The vector of error terms $\mathbf{U}$ is also a $n \times 1$ matrix.

At times it might be easier to use vector notation. For consistency, I will use the bold small x to denote a vector and capital letters to denote a matrix.

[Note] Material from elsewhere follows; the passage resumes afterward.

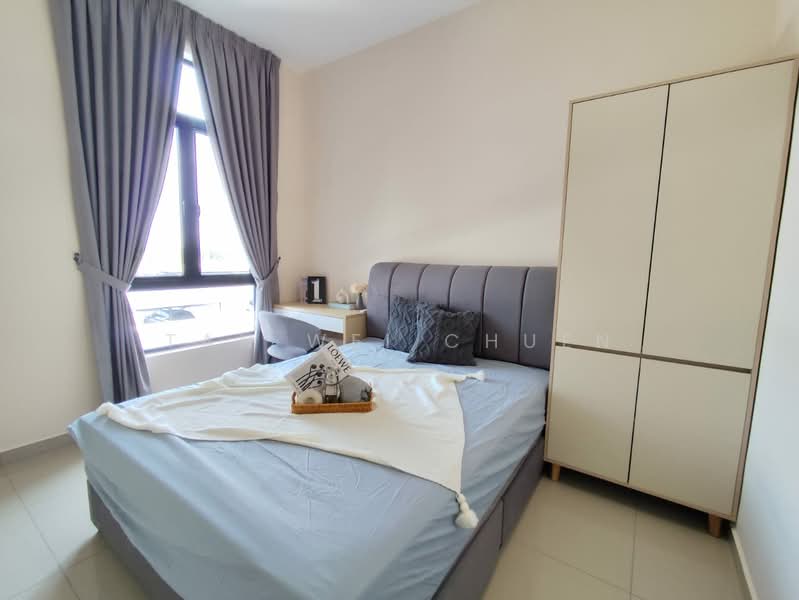 Condominium for Rent at Co-Home @ Eden by The Parque Residences - Tan Wei Chuen - Bedroom - PropertyGuru.com.my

Single observations are denoted by the subscript.

## Least Squares

**Start**:  
$$y_i = \mathbf{x}'_i \beta + u_i$$

**Assumptions**:

1. Linearity (given above)
2. $E(\mathbf{U}|\mathbf{X}) = 0$ (conditional independence)
3. rank($\mathbf{X}$) = $k$ (no multi-collinearity i.e. full rank)
4. $Var(\mathbf{U}|\mathbf{X}) = \sigma^2 I_n$ (Homoskedascity)

**Aim**:  
Find $\beta$ that minimises the sum of squared errors:

$$
Q = \sum_{i=1}^{n}{u_i^2} = \sum_{i=1}^{n}{(y_i - \mathbf{x}'_i\beta)^2} = (Y-X\beta)'(Y-X\beta)
$$

**Solution**:  
Hints: $Q$ is a $1 \times 1$ scalar, by symmetry $\frac{\partial b'Ab}{\partial b} = 2Ab$.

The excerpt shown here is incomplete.